ALL THE NEWS THAT'S FIT TO PRINT
AND SOME THAT AIN'T
Howdy folks! This here's ol' Pete and Rosebud comin' at you again!
I don't know if you remember, but last time I was tellin' about how me and my mule Rosebud got woke up out of a sound sleep by somebody bangin' on the front door. I ain't sayin' that I ain't never been woke up like that before, but even if I have, I still don't like it. It's kinda scary, you know, bein' roused up out of a sound sleep like that, not knowin' who's out there or what's goin on.
We couldn't tell who it was since they was out there in the dark. Not that we'd have been able to tell even if it had been broad daylight. You can't see through a wooden door and whoever it was took off before we could get a look at 'em. Rosebud started makin' a racket in the livin' room, knockin' over stuff when she woke up, and they heard it and took off. By the time she got out there, they was goin' out of sight.
There's a ol' sayin' about leavin' sleepin' dawgs alone. There's somethin' to that. Me and Rosebud neither ain't gonna leave you alone if you start poundin' on the door and wakin' us up out of a sound sleep. Rosebud got a glimpse of 'em just as they went out of sight and, natcherly, we wanted to know who it was and what they was up to. There wasn't no goin' back to sleep nohow, so we figgered we might as well go see if we could track 'em down and find out what's goin' on.
We started down the road the way Rosebud seen 'em go. The moon was peepin' up over the tree line by then. It was almost a full moon and there wasn't no clouds, so there wasn't no need for a light. You could see as plain as day, but whoever it was had a good five or ten minnit head start on us. We stood on the porch talkin' about it that long. So there wasn't a soul in sight when we started out. Nothin'.
Neither one of us was sayin' anything as we went down the road. I got to listenin' to the sound we made as we walked along, that crunchin' sound my feet made on the gravel, and that kind of soft cloppity-clop sound Rosebud makes when she walks. It seemed like it was a lot louder than usually, but it always does when you're out at night like that. Even if you ain't follerin' nobody, there's just somethin' about the dark that makes you want to be quiet. The little noises you make all the time, the one's you don't even notice in the daytime, seem a lot louder at night.
As it turned out, it wouldn't have made no difference how much noise we made. We could've been a brass band comin' down the road and it wouldn't have mattered. The people we come up on was makin' so much noise theirselves that they never would have heard us.
It'd make a better story if I told you that it was a carload of FBI men and they was shootin' it out with gangsters or somethin' like that. But that wouldn't be so. And I keep a close watch on the truth when it comes to things I tell you about. Got to. You start makin' up stuff and, first thing you know there ain't nobody believes nothin' you tell 'em. But this way, you don't have to try and sort out what's true and what ain't in the stories I tell you. And that's the way I aim to keep it. Anyway, back to this story, the true story.
We come up on this car settin' square in the middle of the road down there by the Tucker ol' place.

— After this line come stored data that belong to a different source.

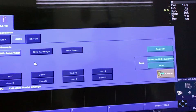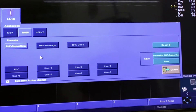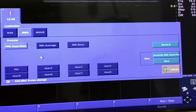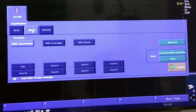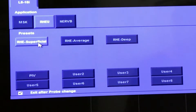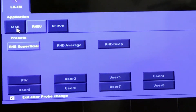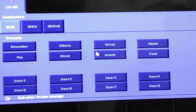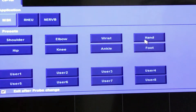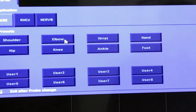These are the preset exams that are in most ultrasounds. What I use mostly is the rheumatologic superficial setting, but I also use the MSK — musculoskeletal — setting for the wrist, hand, ankle, and sometimes the elbow.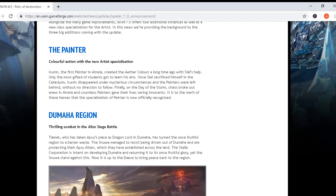Finally, on the day of the storm, chaos broke out in Atreya and countless painters gave their lives saving it. It is to the merit of those heroes that the specialization of Painter is now officially recognized.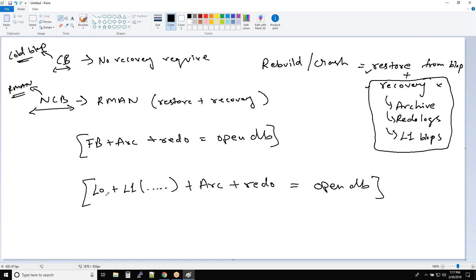In incremental backups, there is one part which is cumulative and differential backups. So what is cumulative backup? What is differential backup is something we are going to understand right now.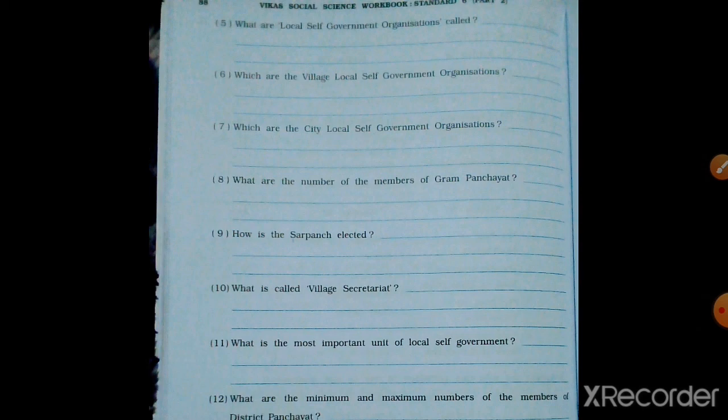What are the number of members of Gram Panchayat? The members of Gram Panchayat are elected by the people. The minimum number is eight and the maximum is 16 members.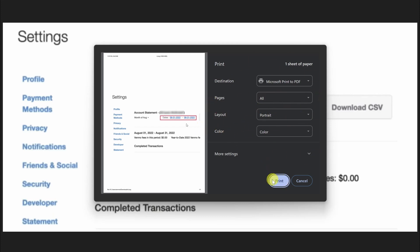Once you've changed all the settings, click the Print button and your PDF file will be downloaded. If this video was helpful, please like and subscribe to my channel.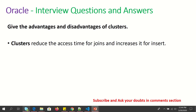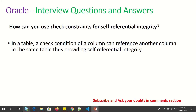Give the advantages and disadvantages of clusters. Clusters reduce the access time for joins and increase it for inserts. How can you check constraints for self-referential integrity in a table? A check condition of a column can reference another column in the same table, thus providing self-referential integrity.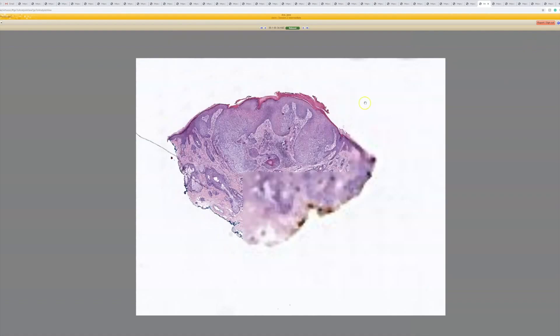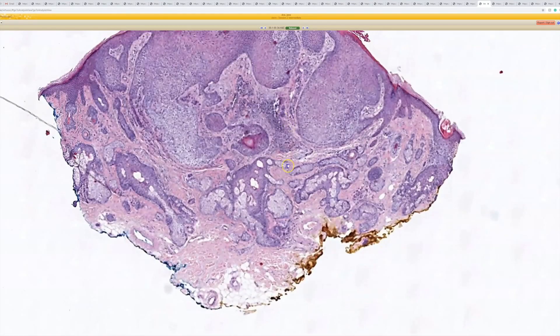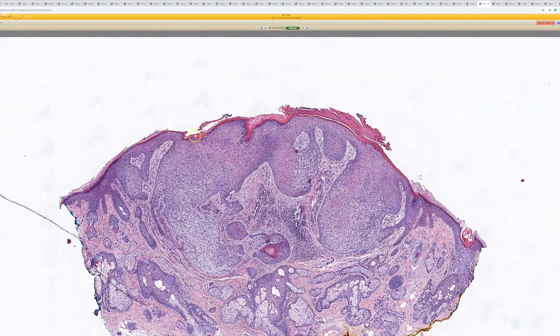Tricholomoma. Beautiful tricholomoma. They usually have a warty surface with hypergranulosis and perikeratosis. They have these bulging ridges that push down into the dermis with smooth borders.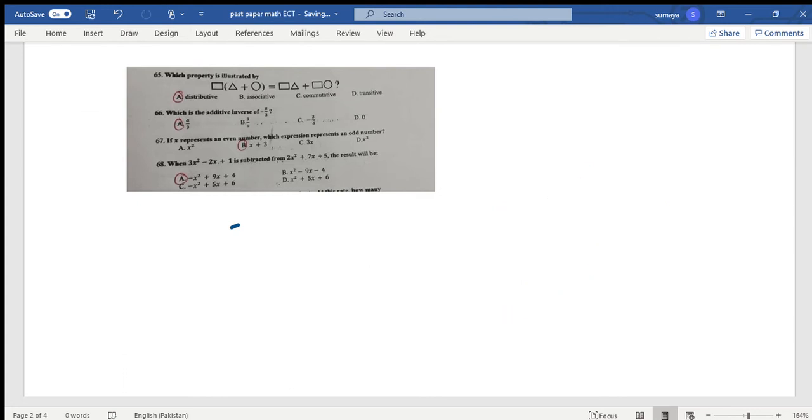Next question: Which is the additive inverse of -a/3? It's an easy question. The additive inverse will be +a/3.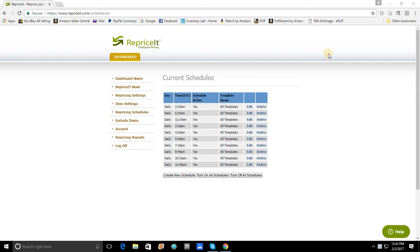As you all know, you create your templates and the next thing you have to do is decide when you actually want to reprice.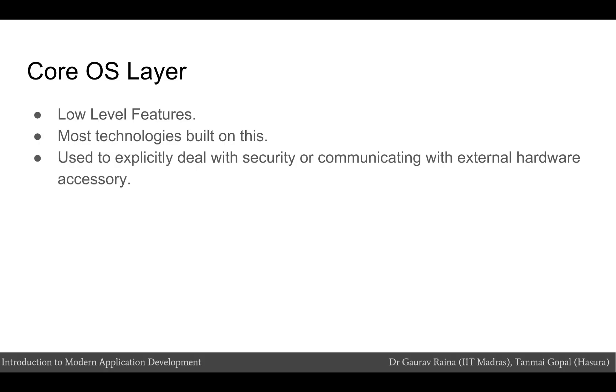The core OS layer contains the low-level features that most other technologies are built upon. Even if you do not use these technologies directly in your apps, they are most likely being used by the other frameworks. You use the frameworks in this layer in situations where you need to explicitly deal with security or communicating with an external hardware accessory.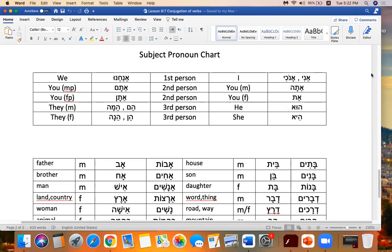So I put all the pronouns on this chart so you have them there to look at. Remember, these pronouns will help you with conjugating your verbs and also with endings for nouns. So I is ani, or in biblical Hebrew you will see anoki. You masculine singular is ata. You feminine singular is at. He is hu, and she is hi. That's first, second, and third person.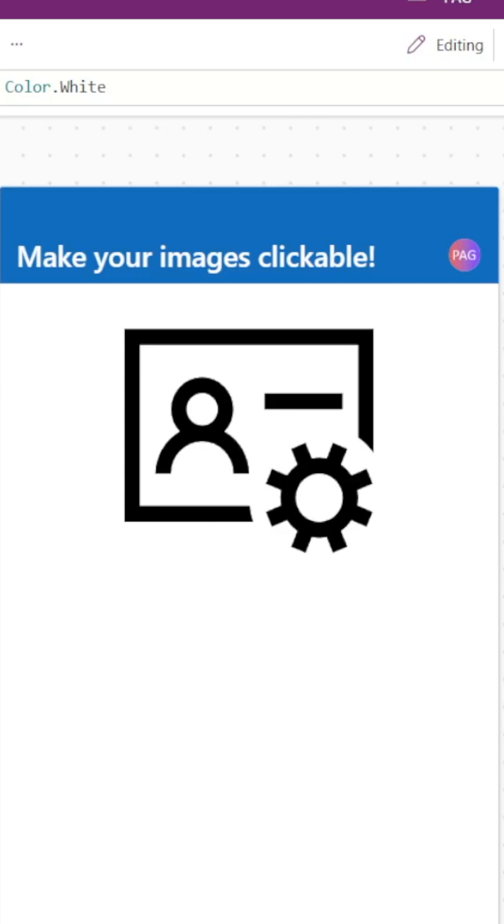If you use the image control for custom icons in PowerApps, you'll want to use this trick to make your user's experience better.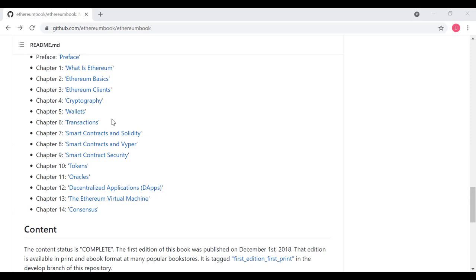Chapter 13 dives into the details of how these programs and smart contracts are actually being executed on the blockchain. We'll take a deep dive look at the Ethereum virtual machine. In some ways it's similar to the Java virtual machine, but of course it's executing code on a blockchain.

It was settin' there with it's lights on, radio goin' full blast and with all four doors and the trunk lid wide open. A feller looked like he was tryin' to jack up the back end of the car and his wife was wavin' around a flashlight, tryin' to shine it where he needed it. And there was a gaggle of young'uns runnin' around like a bunch of wild men, causin' all kinds of commotion. Some of 'em was playin' tag, some of 'em was hangin' out the winder and one little feller had figgered out how to turn the radio on and was switchin' back and forth from one station to another. The ol' boy back there tryin' to jack up the car looked like he was about ready to start pullin' his hair out.

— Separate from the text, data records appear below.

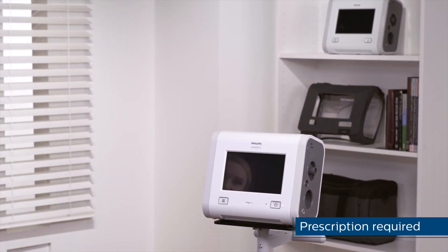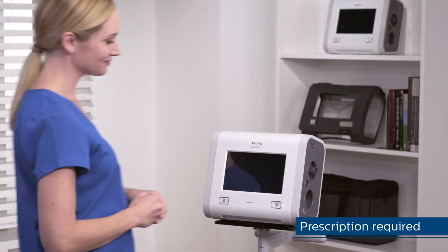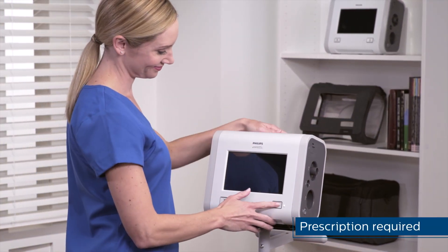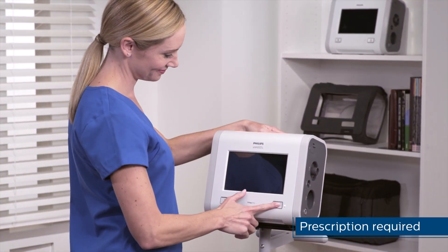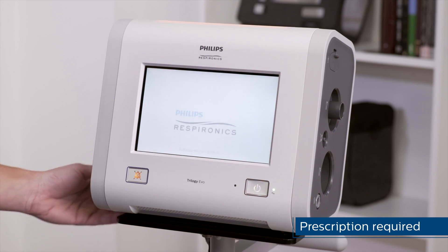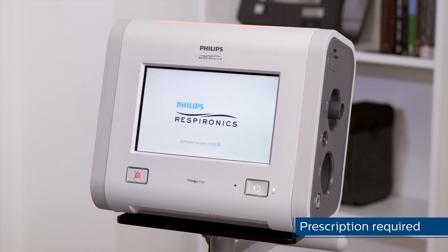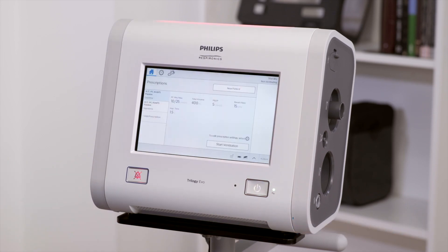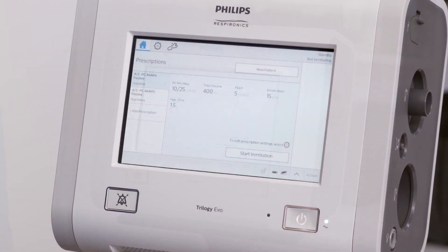Trilogy EVO has been designed with an easy-to-use touchscreen interface. In this video, we're going to demonstrate window navigation and some important functions, including info help, battery information, monitoring views, and changing prescriptions.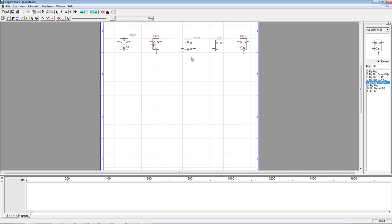Some flip-flops have the option to do a set and reset asynchronously — they will not wait on the clock input. These sets and resets are active low, while others are active high. This one is known simply as the D flip-flop, and this one is known as D flip-flop with NIRS, short for non-inverting reset and set.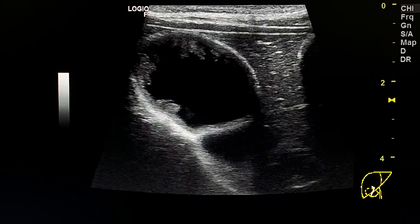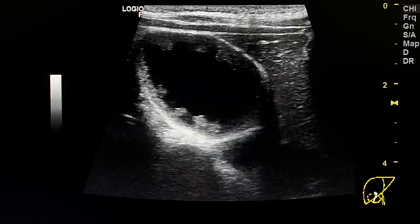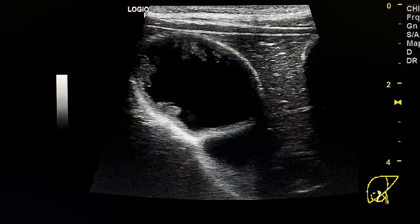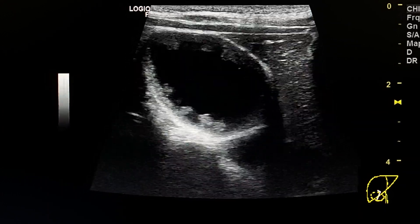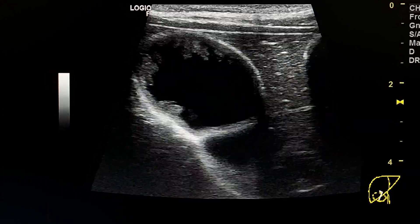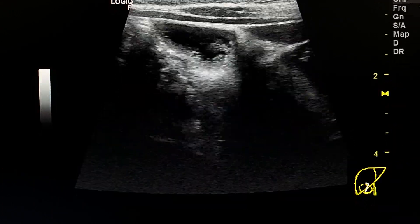This is the gallbladder. We see multiple polyps in the wall with varying sizes.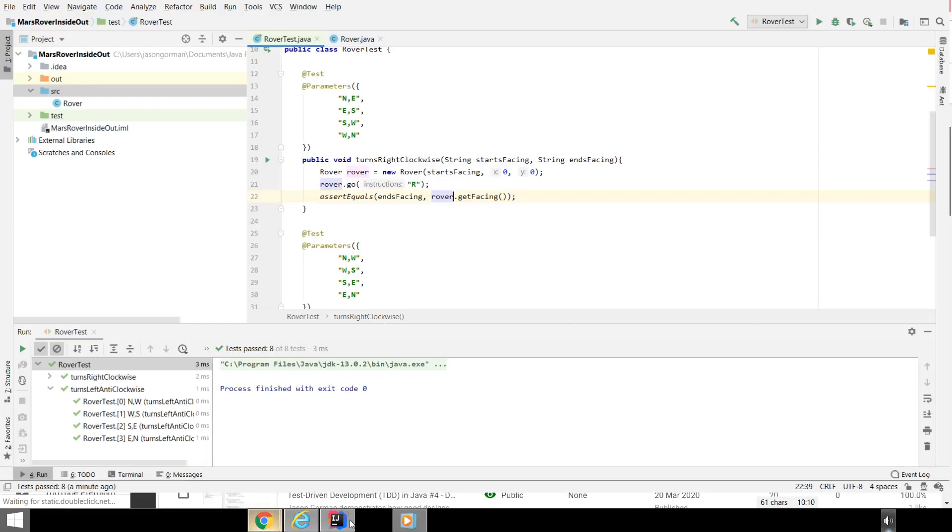Hey there, it's Jason Gorman from Codemanship with the second part of the fifth in our series on test-driven development in Java.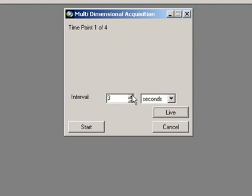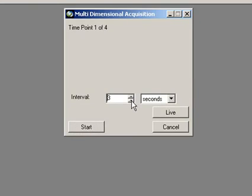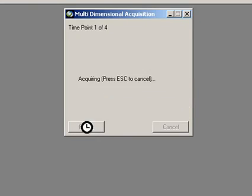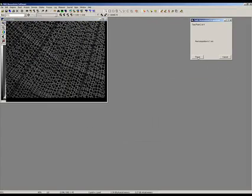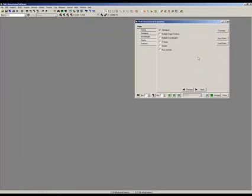And F2 stops. And I can just say, actually, now I want to do it every four seconds, so I can make changes at this point. So now I can just say, let's take that down to 2, and just say start. And you can just see it snapping away, taking new images as it goes along.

It didn't take no rocket scientist to figger out what was goin' on. They was on their way on up the holler past our house to where their kinfolks live for Thanksgivin' when they had a flat tire. While the man and his wife was tryin' to fix it, one of the young'uns snuck off and come up here and knocked on the door. And you know the rest of it. As it turned out, there wasn't no big deal to it. And there usually ain't. Somethin' wakes you up and you start imaginin' all kinds of things. Then you find out what really happened and it ain't nowhere near as bad as you'd pictured it up.
Seems to me that's usually the way it is. Most of the time the things we worry about ain't half as bad as we think they are. And that, my friends, is somethin' we can be thankful for on Thanksgivin'. Best wishes from me and Rosebud and ol' Denver up here in Gump Holler. And may all your emergencies be little ones.